The bright illuminations and chaotic sounds of amusement arcades are an essential part of the British seaside experience, but the lights could soon start going out as owners warn of eye-watering energy bill increases of up to 1,000%.
The jump in costs driven by soaring wholesale gas prices has had a severe impact on a sector that has barely recovered from Covid restrictions, leaving many operators looking at slashing their opening hours or closing completely.
“The severity of the electricity crisis is the main challenge we are facing in the industry,” says Jeremy Godden, who owns arcades in the Kent resorts of Margate, Ramsgate and the Isle of Sheppey. “Everything we use in a seaside arcade demands a lot of power, more so than other retail or leisure businesses.”
The 32-year-old Margate resident expects his annual costs to rise by £200,000 at the end of his current electricity contract, an increase that is “not sustainable” and which comes on the back of multiple challenges in recent years.
“The lack of labour, the unknowns and financial pain from Covid – everything in the economy is fragile, but the energy crisis and spiralling costs could be insurmountable for my business,” Godden says. “We are sat here looking at how we can survive.
“For the first time ever, we are looking at closing from Monday to Friday and opening at weekends.

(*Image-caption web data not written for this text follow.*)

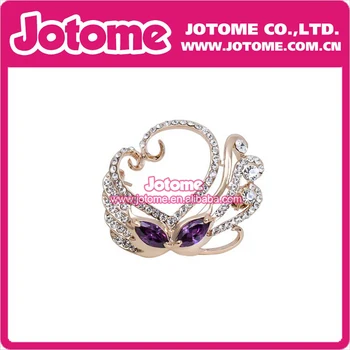 100pcs / Lot Elegant Jewelry Purple Love Heart Swan Present Brooch Mother's Pin
100pcs / Lot Elegant Jewelry Purple Love Heart Swan Present Brooch Mother's Pin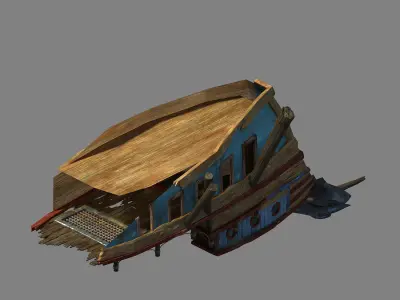 Game Steam Harbour - Goblin Breaking 02 3D model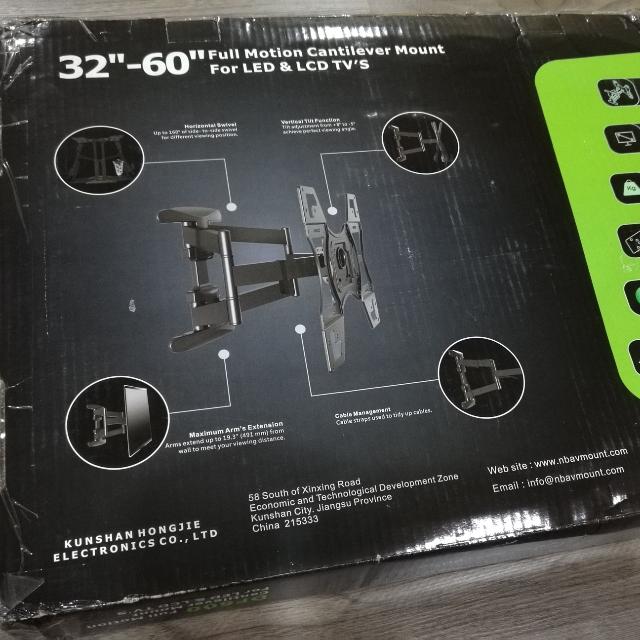 Universal Full Motion TV Wall Mount 3260 Inch, TV & Home Appliances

We have always opened every single day of the year apart from Christmas Day.”
Everything in an amusement arcade – from the popular 2p-coin pushers to the claw games where you can try to snatch a stuffed animal – require “a lot of power”, says Godden, yet the maximum stake and maximum prize allowed for arcade machines is fixed by the Gambling Commission or by the mechanism itself. So, unlike in other industries, they are limited in how much can be recovered through price rises when costs such as electricity surge.
The government’s energy bill relief scheme for businesses, announced by Liz Truss in September, has provided some respite, covering the difference between wholesale prices and a “government-supported price” of £211 a MWh for electricity and £75 a MWh for gas.
This week the chancellor, Jeremy Hunt, confirmed the scheme would be extended from 1 April for another year, but at a significantly reduced level as part of a “transitional support” package worth up to £5.5bn, prompting warnings of job losses and blackouts.
Some hope has been raised by the fact that wholesale gas prices have eased back from the huge spike that followed Russia’s invasion of Ukraine, but bills remain about three times higher than before the crisis began in autumn 2021.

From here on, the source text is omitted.